The single most important piece of the methodology is a project-level context file. In every agent session for PRIVATEBYTE, the first attached file is CLAUDE.md, a working record of the system: conventions, gotchas, incident history, field-name traps. It is currently around two thousand lines, accreted and mutated over eighteen months. It is the difference between a session that ships and a session that hallucinates.

The file is updated on every meaningful discovery. When a WHMCS field returns a userid that is actually a tblusers.id, the gotcha goes in. When a SolusVM2 endpoint differs from the documented one, the gotcha goes in. The file is treated as part of the codebase, not as documentation. It’s reviewed, kept current, deduplicated. Without it, agents are generalists with internet knowledge. With it, agents are operating on the actual system in front of them.

A useful analogy: the file is the map. The terrain (discoveries made turn by turn during the session) is what the map cannot contain. Both are necessary; neither is sufficient.

Failure modes

Agents are wrong with regularity, in specific patterns. The patterns are predictable enough to be worth naming.
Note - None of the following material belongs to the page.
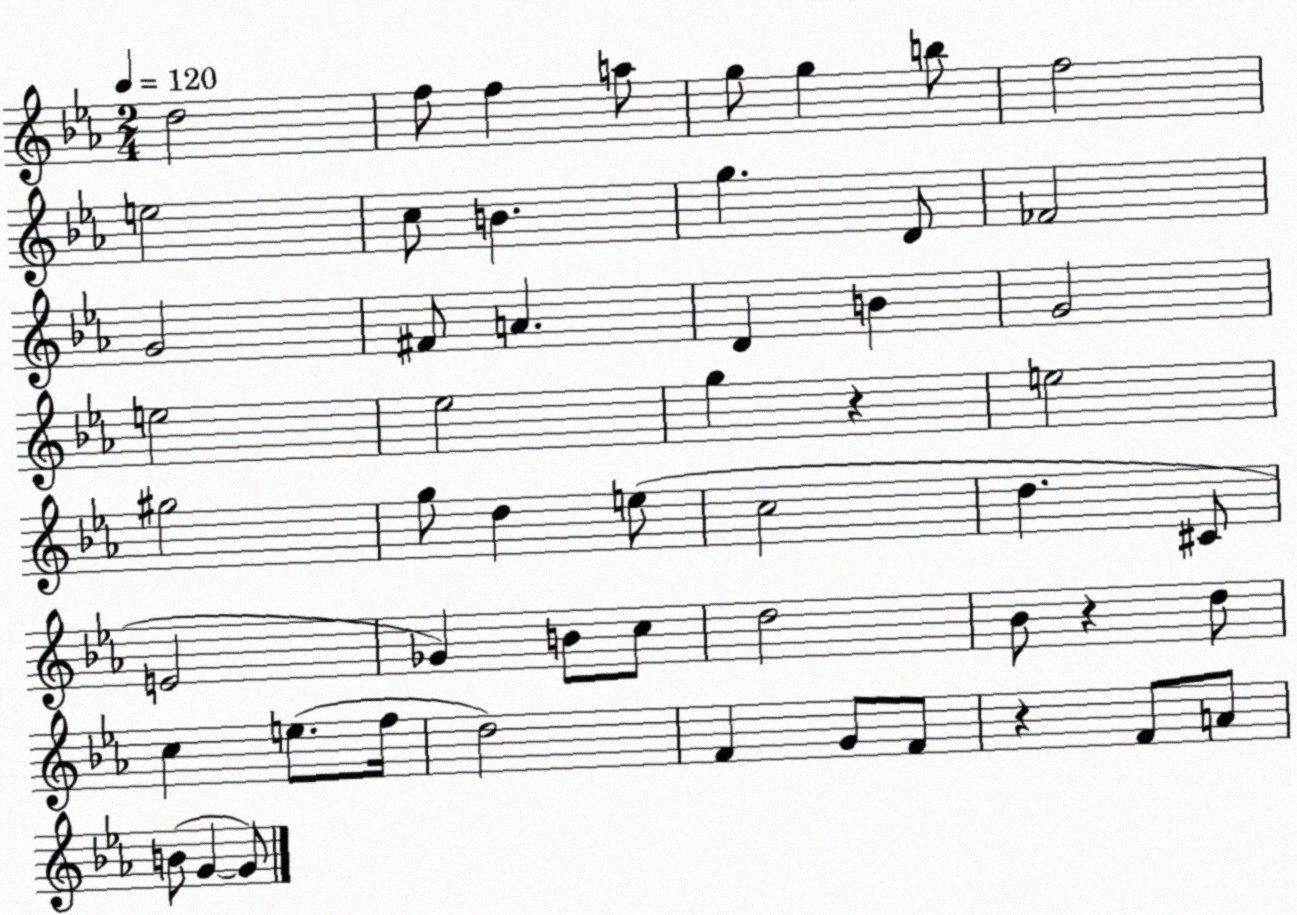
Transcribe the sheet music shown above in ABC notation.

Plausible-but-wrong refactors. Agents are biased toward “cleaner” implementations. When the existing code has a peculiar pattern that exists for a non-obvious reason (a runtime guard, a workaround for an upstream bug, a deliberate trade-off), agents will propose to remove it, sometimes aggressively, without checking its uses elsewhere in the codebase. Defense: the CLAUDE.md, which documents the reasons. Without context, every weird-looking piece of code is a target.

Field-name confidence. Agents will use field names that look right but are wrong: userid when the response field is clientid, host when the actual key is hostname. Defense: any new external-API integration requires a live read of the actual API response before code is written. The rule lives in the CLAUDE.md.
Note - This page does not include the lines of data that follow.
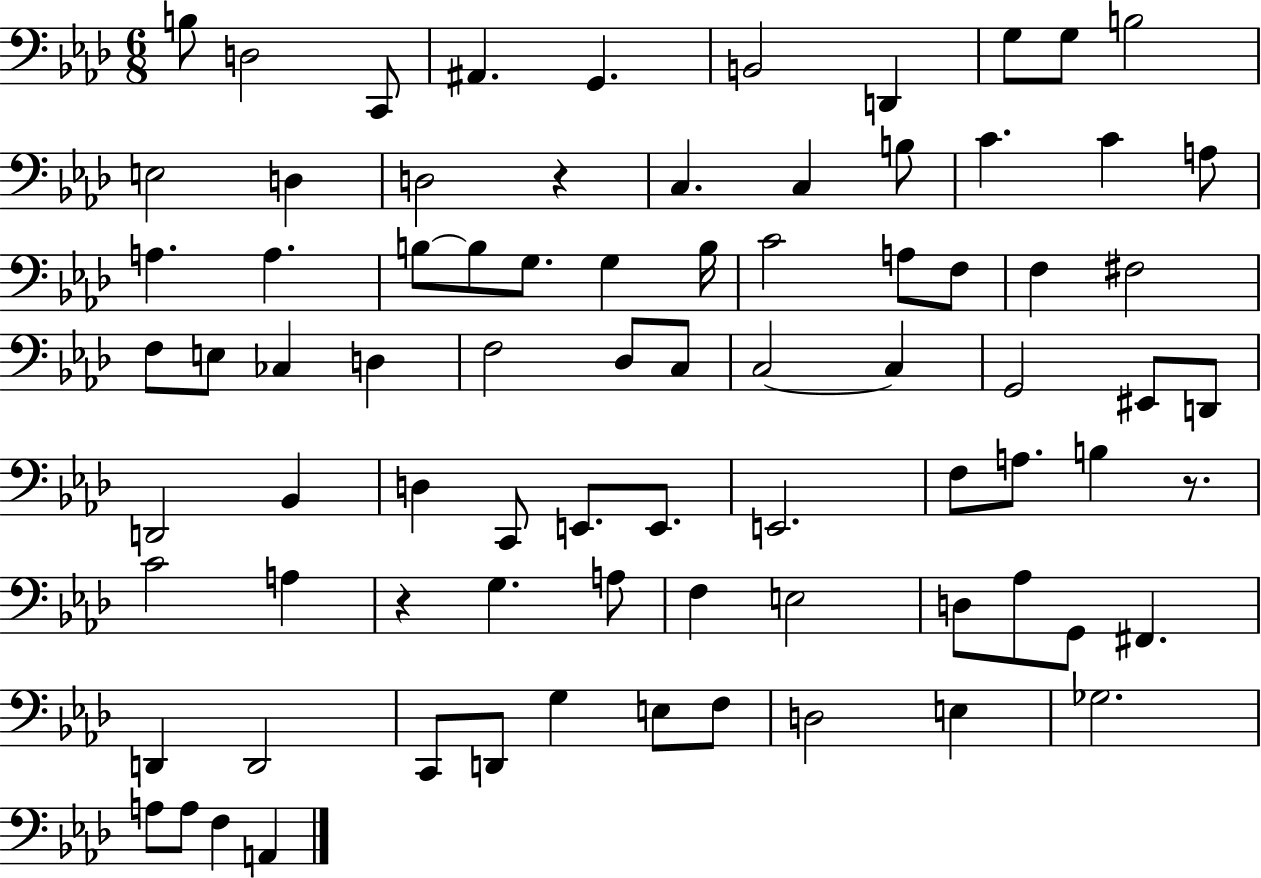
X:1
T:Untitled
M:6/8
L:1/4
K:Ab
B,/2 D,2 C,,/2 ^A,, G,, B,,2 D,, G,/2 G,/2 B,2 E,2 D, D,2 z C, C, B,/2 C C A,/2 A, A, B,/2 B,/2 G,/2 G, B,/4 C2 A,/2 F,/2 F, ^F,2 F,/2 E,/2 _C, D, F,2 _D,/2 C,/2 C,2 C, G,,2 ^E,,/2 D,,/2 D,,2 _B,, D, C,,/2 E,,/2 E,,/2 E,,2 F,/2 A,/2 B, z/2 C2 A, z G, A,/2 F, E,2 D,/2 _A,/2 G,,/2 ^F,, D,, D,,2 C,,/2 D,,/2 G, E,/2 F,/2 D,2 E, _G,2 A,/2 A,/2 F, A,,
Quiet over-engineering. Asked to add a small feature, an agent will sometimes propose a refactor of the surrounding code first. The refactor is usually defensible in isolation; it is also usually out of scope. Defense: explicit instruction at the start of the session: “do not refactor; add only the requested change.” Restate when the temptation returns.

Stale knowledge. The training data has a cutoff. For libraries that have changed since, an agent will write code against the older API. Defense: when in doubt, ask the agent to verify the surface with a read of the live documentation. Most of the time, the agent will catch its own error if asked.

What AI cannot yet do

The boundary conditions are real and worth being honest about.
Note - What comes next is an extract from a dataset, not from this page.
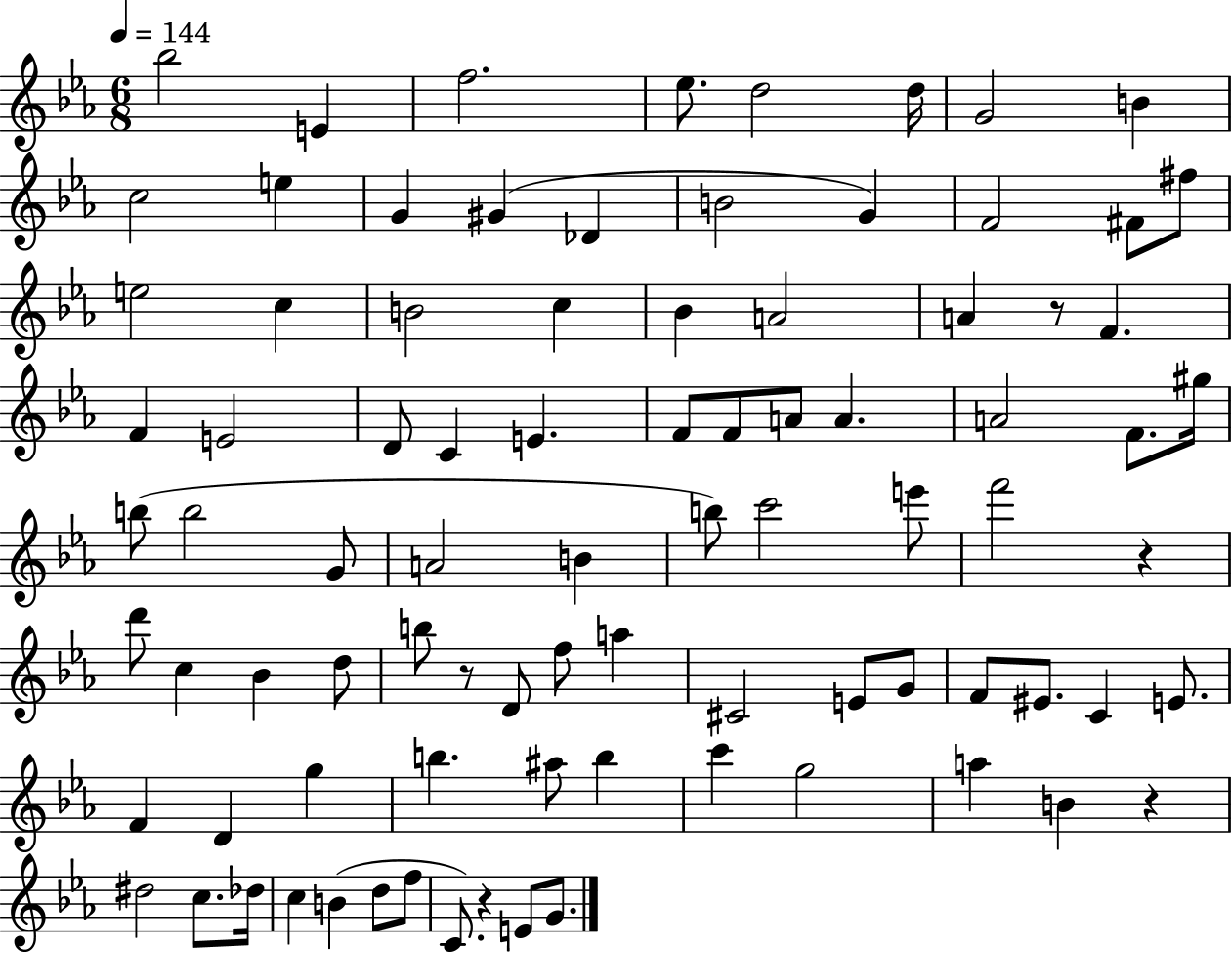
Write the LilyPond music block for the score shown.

Spec-stage decisions. What to build, in what order, for which customer segment, with which trade-offs. AI can help structure the conversation but cannot make the call. The product-shaped intuition is mine. The engineering follows from it.

The first ninety seconds of an incident. When an alert fires, the loop is too fast for a prose-mediated conversation. I am tailing logs, restarting services, checking dashboards. AI joins once the immediate fire is out and the diagnostic phase starts.

Cross-system reasoning under partial information. When a bug spans WHMCS, the portal, the proxy gateway, and a payment processor, the diagnostic chain requires holding all four systems in working memory simultaneously. An agent can hold one or two. The rest I hold, pattern-matched into memory over months of operating these systems together.

Taste. What makes a system feel right to operate. The shape of an API. The naming of things. The cadence of releases. AI proposes; I decide.

Why methodology, not productivity claim

The “eighty percent” figure is uncomfortable to share because it sounds like a productivity boast. It is not. It is a description of working pattern, and the working pattern requires more discipline, not less. The CLAUDE.md is a substantial maintenance burden. Every failure mode above is caught by a human-shaped check. Every commit is read, run, and reviewed.

What I ship is faster than I would ship alone. It is also more carefully documented than I would document alone, because the documentation is part of the methodology. The two compound.

The honest summary is this: AI is the primary engineering surface, but the responsibility is undivided.